The claims include arbitrary, sudden price cuts – suppliers taking the pain when supermarkets offer three for two or buy one, get one free, and a premium being charged for shelf space. In spite of frequent meetings, some limited government intervention and attempts to establish a code of fair conduct over at least 15 years, both the allegations and responses to them remain, as far as I can tell, unchanged.

Occasionally they are added to. The latest claim by the English farmers’ union is that supermarkets are trying to force British producers of fruit and vegetables to extend their season to Continental length in spite of the difference in climate. Obviously, it costs more to produce out-of-season crops – if and when that is possible using giant glasshouses, heating and polytunnels – than it does using natural sunlight and warmth.
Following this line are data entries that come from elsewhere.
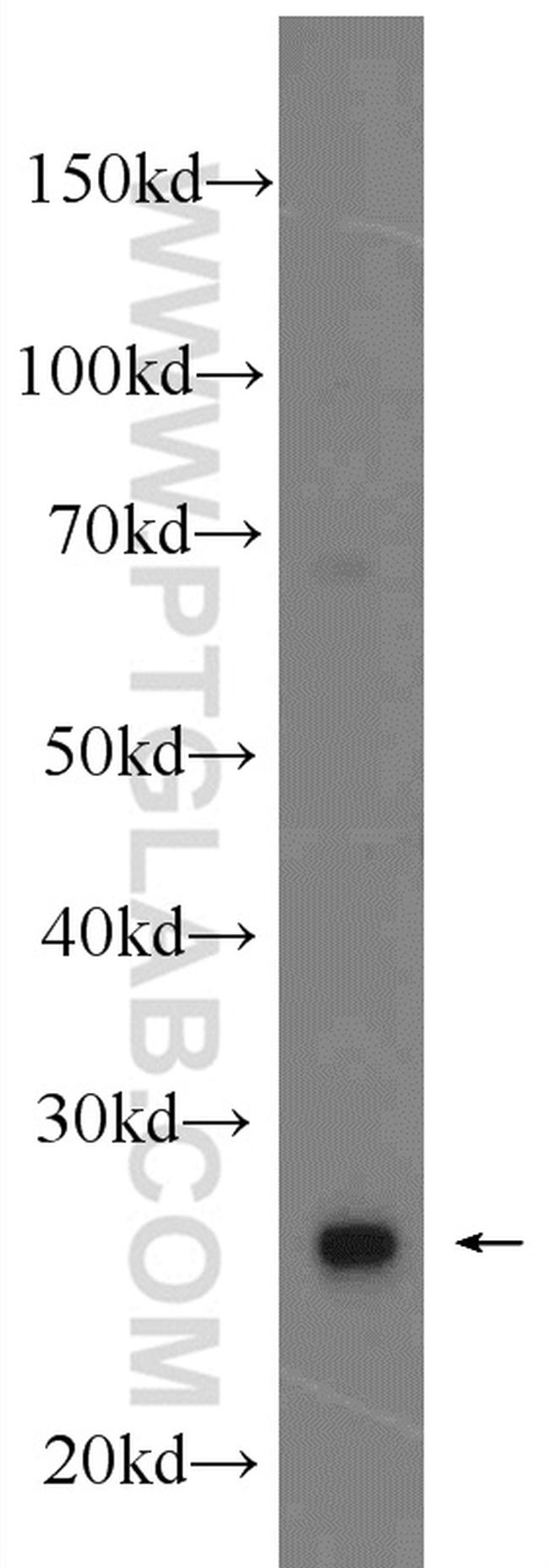 MRPS18B Antibody in Western Blot (WB)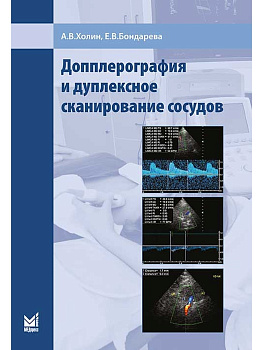 Допплерография и дуплексное сканирование сосудов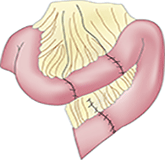 Reversed intestinal segment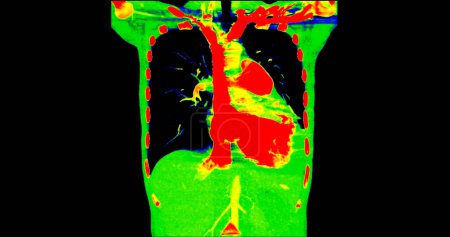 Photo for CT scan of Chest coronal view in color mode  for diagnostic Pulmonary embolism (PE) , lung cancer and covid-19. - Royalty Free Image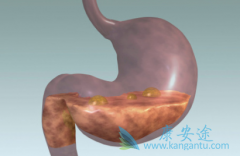 θ�������������߷��ø�����(Imatinib)Ҫע�������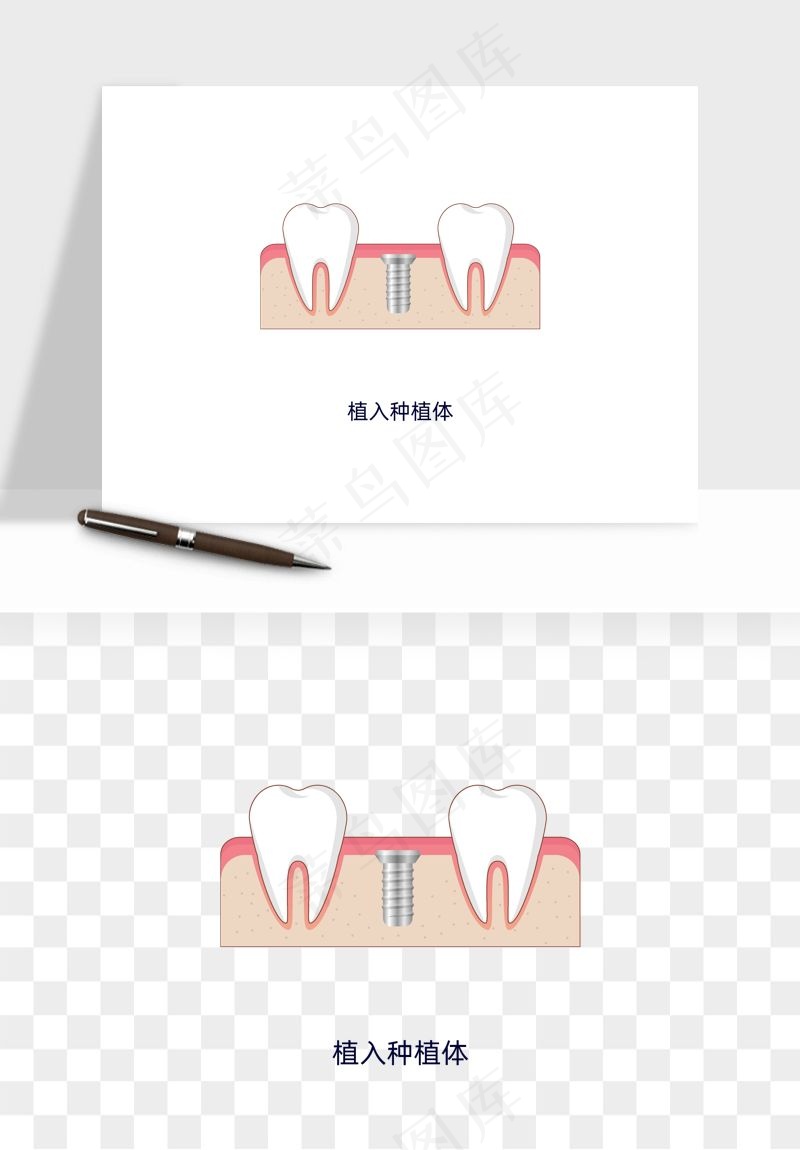 手绘牙齿矫正拔牙png免抠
There are even worse tactics than that, say the union, such as supermarkets running special offers on a glut of overseas fruit and vegetables during the peak of the British season.

Where will it end? And do shoppers in these difficult financial times care where the astonishing range of products now on offer come from as long as they are as cheap as possible? The answer to that last question is no, the majority don’t and of those that do, it is only a fleeting thought when spending as little as possible of the household budget on food is a priority.

Successful suppliers of supermarkets recognise that. In spite of all alleged dastardly supermarket tactics, some producers and processors – Glenrath eggs, Bartlett potatoes, Wiseman milk and Porter’s strawberries, the Scottish group now growing rasps in Spain – have established profitable businesses by working closely with today’s giant grocery retailers.

I don’t imagine it has been easy, or will ever be easy, to keep these relationships amicable and profitable. But so far it has worked for them. I also know several other smaller businesses – although big in farming terms – who keep supermarket relationships on an even keel. Equally, I know others who have been badly treated, suffered heavy losses and have been dropped without a second thought or kind word. Dealing with businesses that count profit in billions and demand rigid, high-quality delivery of larger quantities to tight timetables is not for the faint-hearted.

When you get right down to it, farmers who supply supermarkets – or more usually farmers who supply processors who supply supermarkets – face Hobson’s choice. In spite of any supermarket lip service to codes of conduct, suppliers play by supermarket rules or they don’t play.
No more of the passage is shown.